Toronto weather: Outreach worker brings warmth to homeless on frigid night (Toronto Star)
As the city shivered, Lauren Gostick was driving the streets in a van handing out coffee and clothes and helping the homeless to shelter.
Published on Wed, Jan. 08, 2014
By: Tim Alamenciak News reporter
Lauren Gostick stands at the back of a black mini-van on Peter St., taking coffee orders and passing out warm clothes like scarves and mittens to anyone who approaches.
“You want an extra scarf Teddy?” she asks to a man sitting outside the city shelter in a wheelchair. He says no.
“Socks?”
He nods and she passes him a balled-up pair.
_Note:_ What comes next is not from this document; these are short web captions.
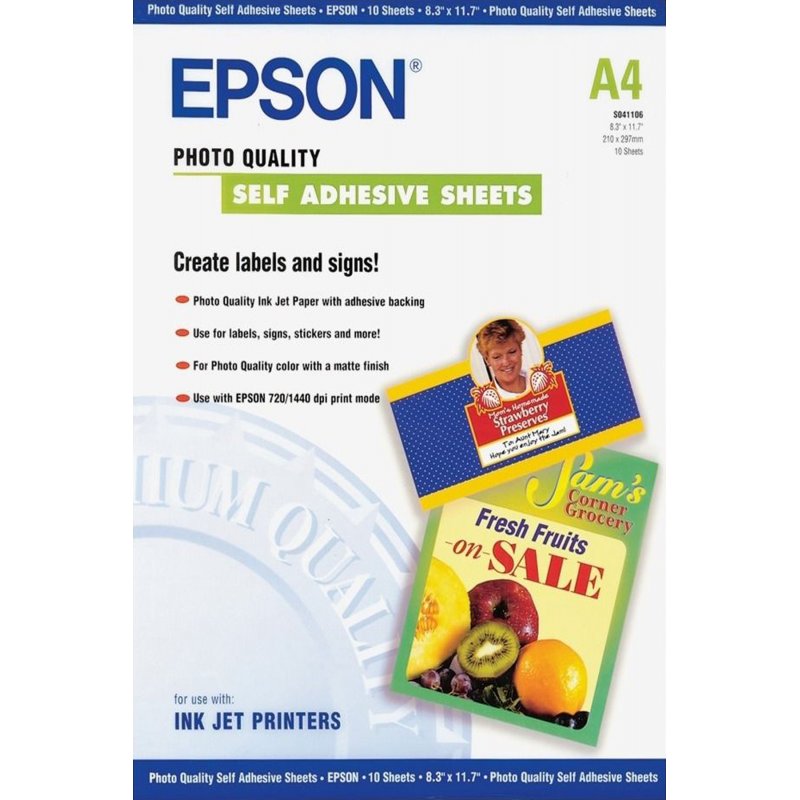 Epson Papel Autoadhesivo Especial HQ. A4, 10 Hojas de 167g.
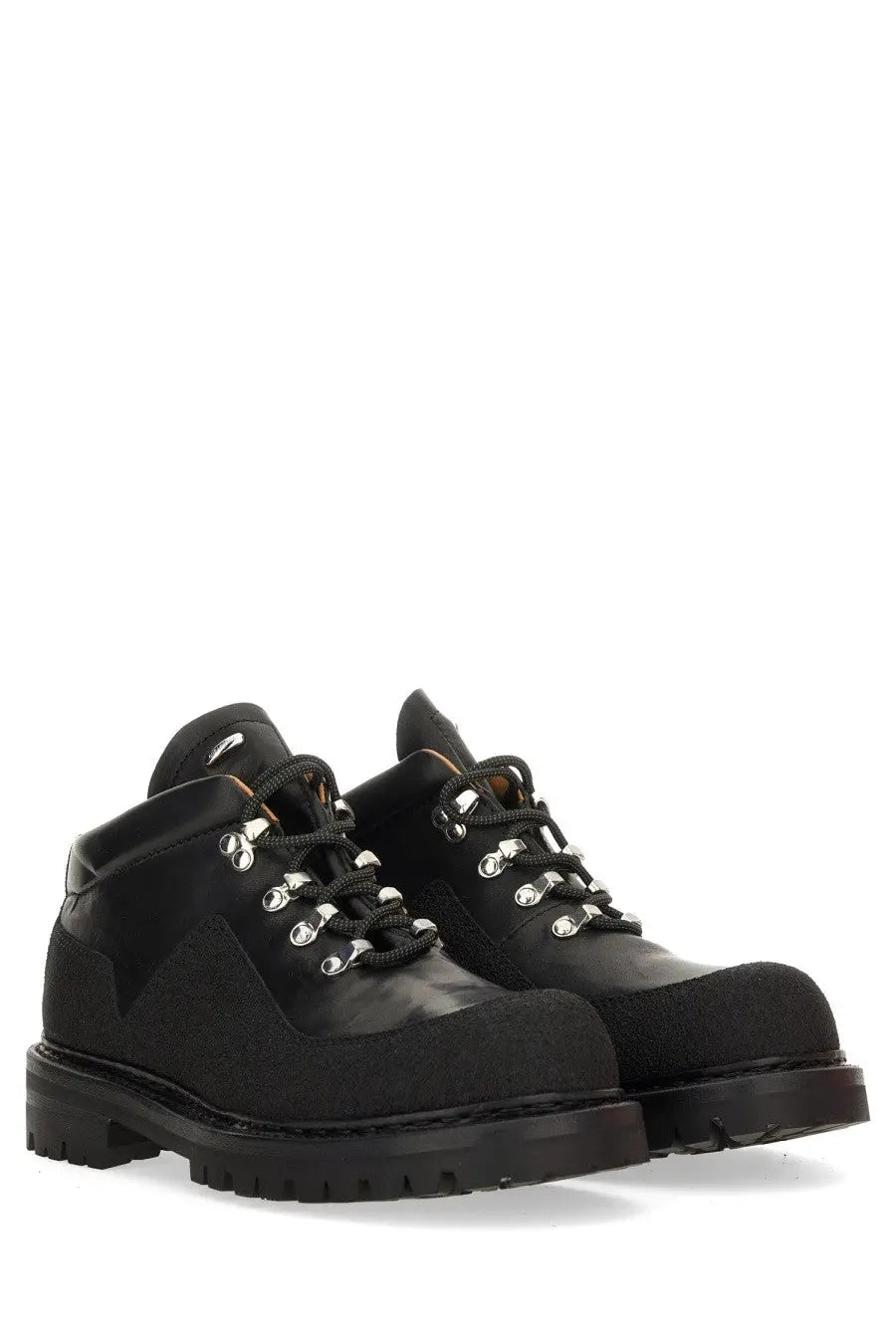 Our Legacy men’s leather quest shoe black high-top boots with rugged matte finish and silver-toned eyelets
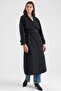 Oversized Trench Coat with Cape and Belt Detail, Water Repellent, Black 6896 - 4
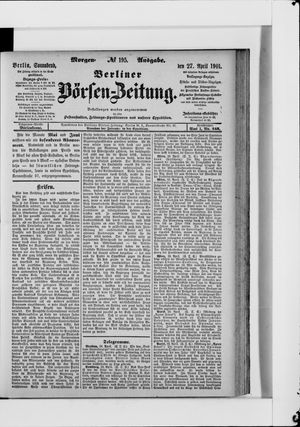 Berliner Börsen-Zeitung vom 27.04.1901
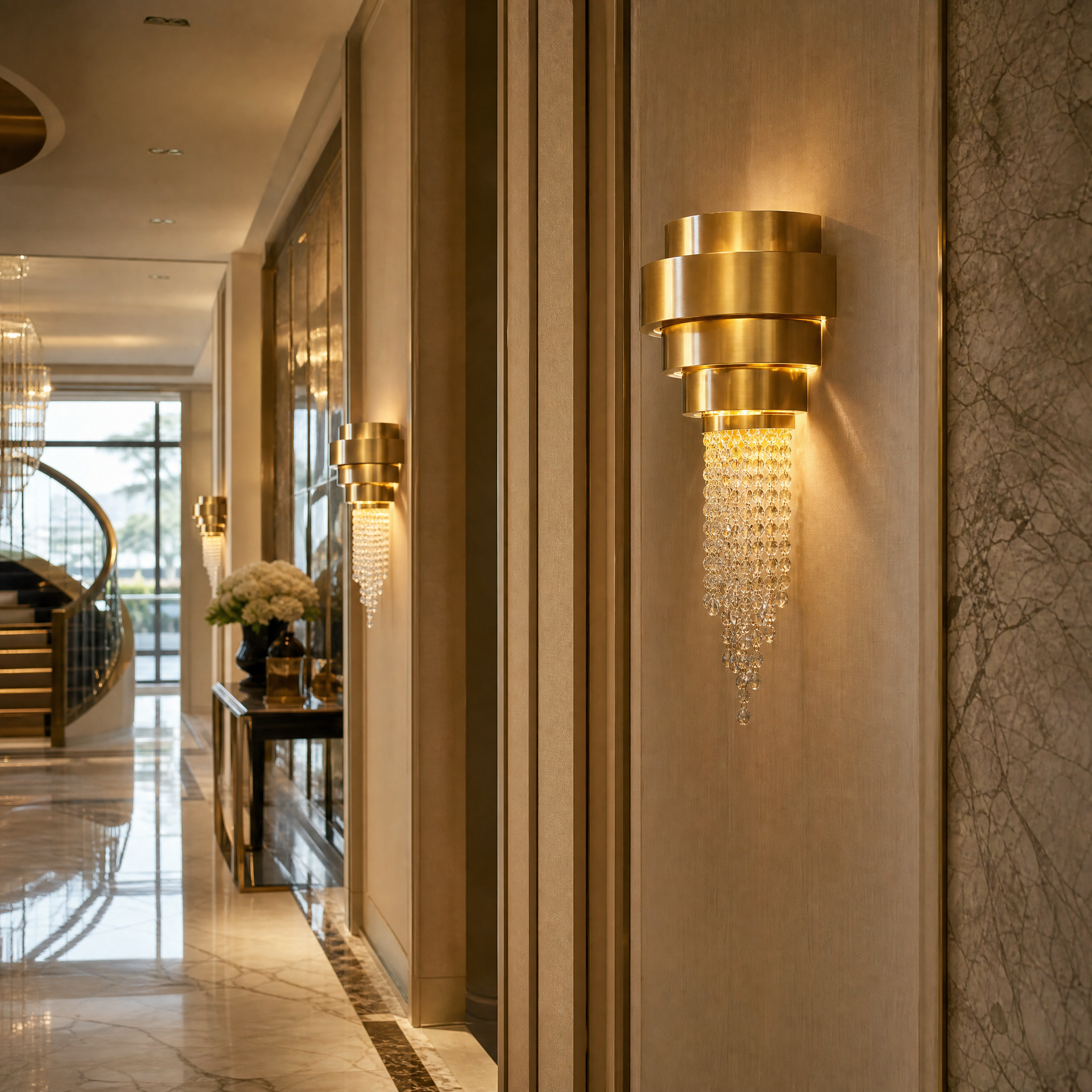 Sophisticated Champs Élysées octagon crystal wall sconces providing elegant ambient lighting in a luxury hotel lobby hospitality setting.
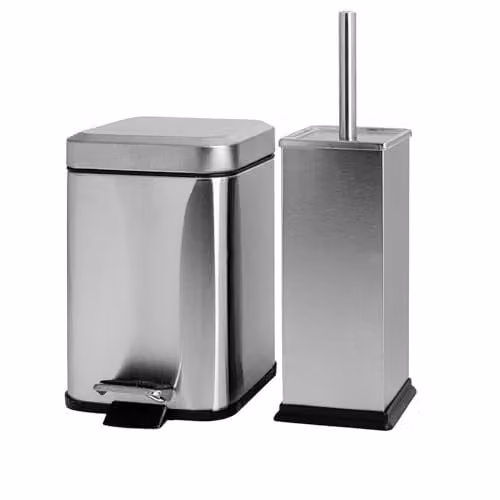 Harbour Housewares 3L Square Stainless Steel Pedal Bin and Toilet Brush Set in Silver – 1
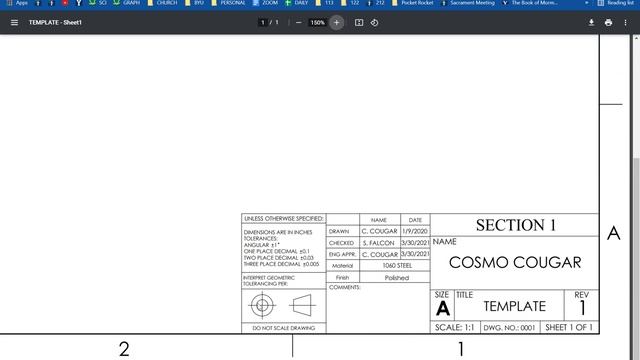 Title block 3/5: Adding special characters and drawing 3rd angle projection symbol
Gostick has just started her outreach shift Tuesday, one of the coldest nights in recent Toronto history, when the temperature with wind chill was expected to drop below -30C.
“There’s a couple more people out there than I would hope,” says Gostick, a woman with an ever- present smile and encyclopedic knowledge of the names of those she helps. Her Tuesday night work, which goes from 6 p.m. to 12 a.m., consists mainly of driving through Toronto and offering help to those sleeping on the streets.
The city has been under an extreme cold weather alert since Jan. 6, triggering the opening of additional resources to help people keep warm. Metro Hall was converted into a 24-hour pet-friendly warming centre as of 3 p.m. on Monday and 26 additional shelter spaces were added. Service organizations and shelters are also told to ease restrictions and allow clients to wait in the warmth until they can find a
bed elsewhere. The city also dispatches more of its own outreach teams.
During the recent ice storm, Richard Ian Kenyon, a 51-year-old homeless man who struggled with addiction, was found dead outside the Loblaws store on Carlton St.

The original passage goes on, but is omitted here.